Development and Validation of a Dispersive Liquid–Liquid Microextraction Method for Metoclopramide Analysis in Pharmaceuticals and Biological Samples

Abstract

A rapid and sensitive dispersive liquid–liquid microextraction (DLLME) method coupled with UV-Vis spectrophotometry has been developed and validated for the determination of metoclopramide in pharmaceutical and biological samples. The method is based on the formation of an ion-pair complex between metoclopramide and cobalt(II) thiocyanate under acidic conditions (pH = 3), followed by DLLME to efficiently preconcentrate the chromogenic complex. In the novel DLLME procedure, methylene chloride was used as the extraction solvent and acetonitrile acted as the dispersive solvent, generating a cloudy heterogeneous mixture upon injection into the aqueous sample. This facilitated extensive interfacial contact and partitioning of the metoclopramide-cobalt complex into the fine dispersed methylene chloride droplets within minutes. After centrifugation, the sedimented organic phase was analyzed at the maximum wavelength of 625 nm.
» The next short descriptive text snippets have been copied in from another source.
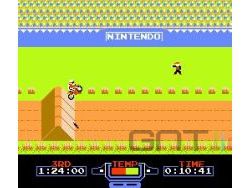Excitebike - Image 1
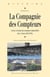 La Compagnie des Compteurs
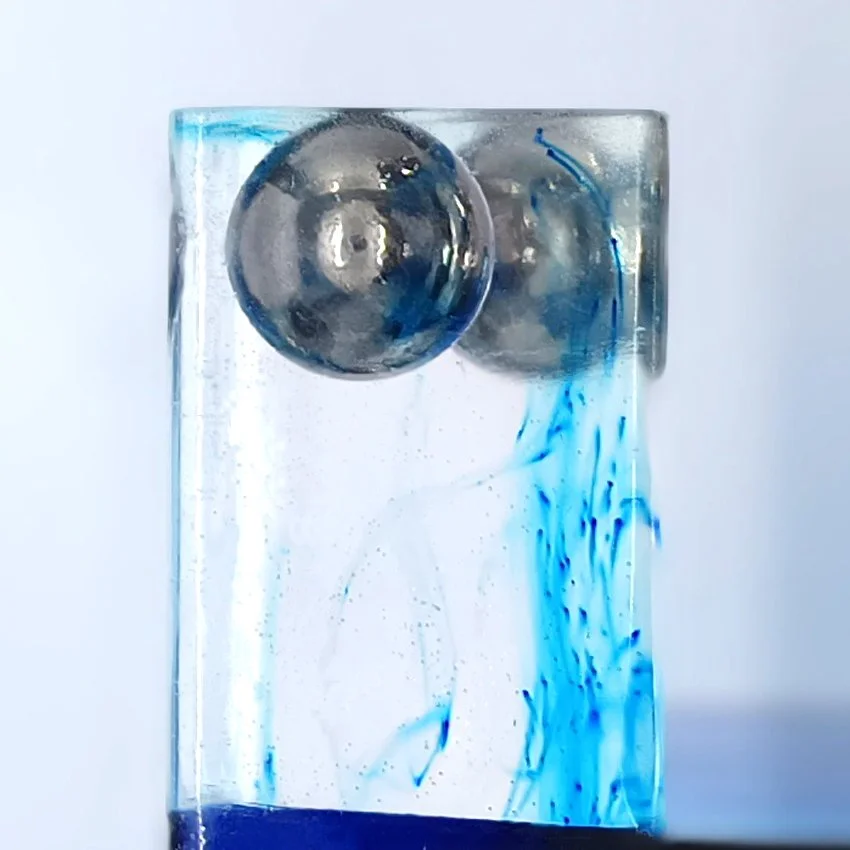 Gros Plan Bille 1.jpg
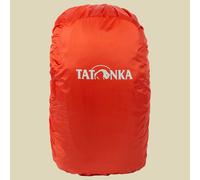 Rain Cover 20-30 L Volumen 20 - 30 L Farbe red orange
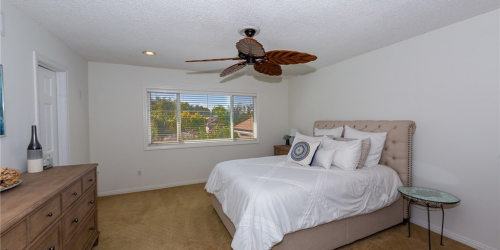 5551 Rainbow Crest Dr., Agoura Hills, CA 91301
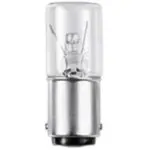 Werma Light Bulbs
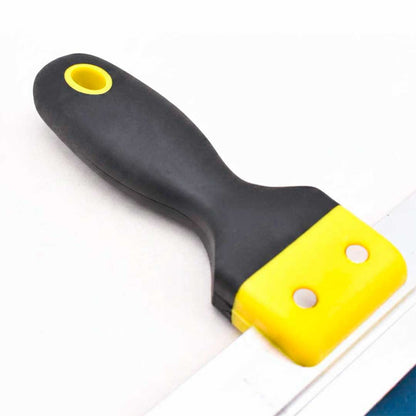 ESPATULA PARA YESO 12″ UYUSTOOLS EPG012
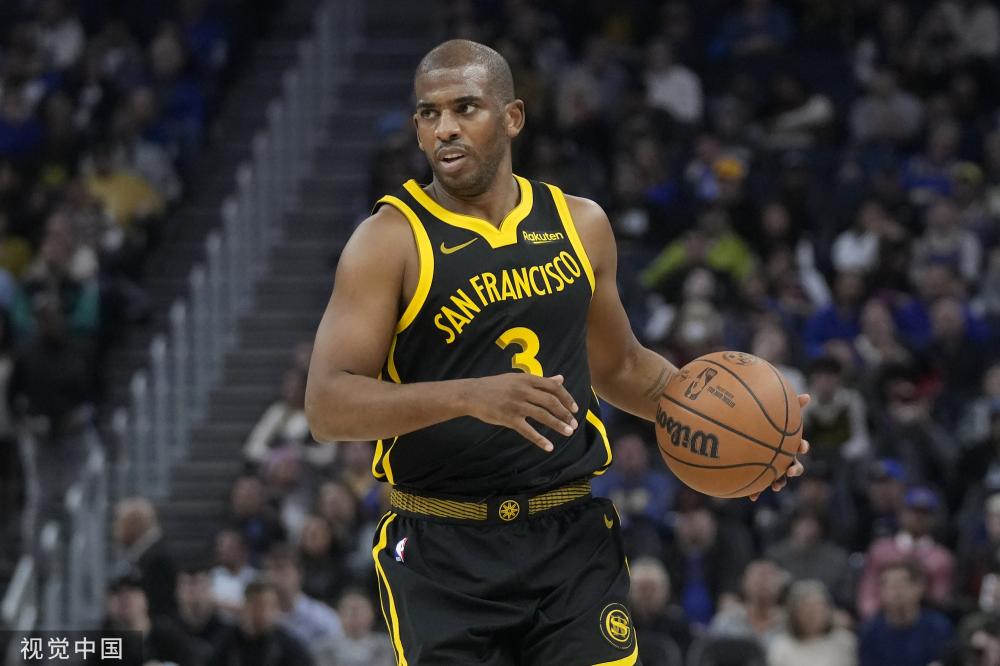 分钟于中圈 分钟于中圈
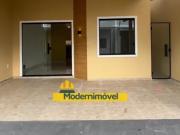 Aluguel Parque10 | Condominio 2qrts| modulados prox...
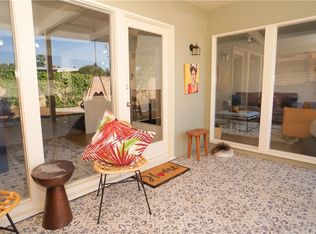 7719 Hatton Pl, Reseda, CA 91335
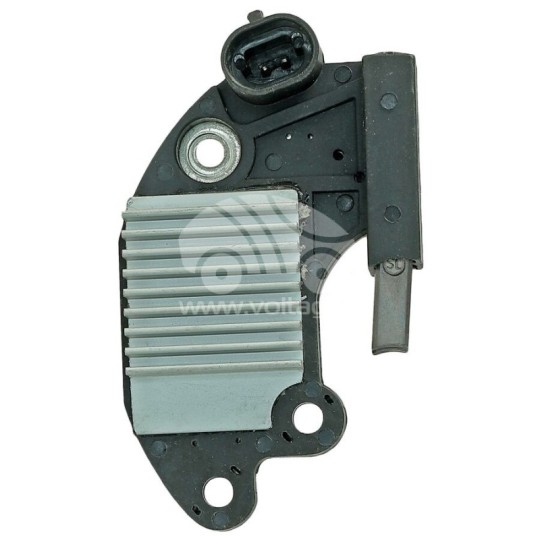 ARQ1861 Jeneratör regülatörü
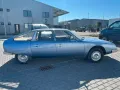 Citroën CX 2000 Super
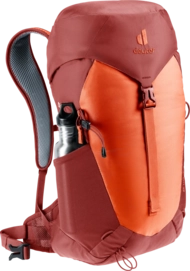 3420624-9507-ACLite16_paprika_redwood-D-06@2x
Under optimal conditions, the method permitted quantification of metoclopramide from 0.25–45 µg/mL with high enrichment factors, and LOD of 0.078 µg/mL, LOQ of 0.258 µg/mL and high extraction recoveries in the range of 94–101% were obtained. The proposed DLLME-spectrophotometric methodology provides a simple, rapid and sensitive approach for routine therapeutic monitoring and quality control of metoclopramide in real samples.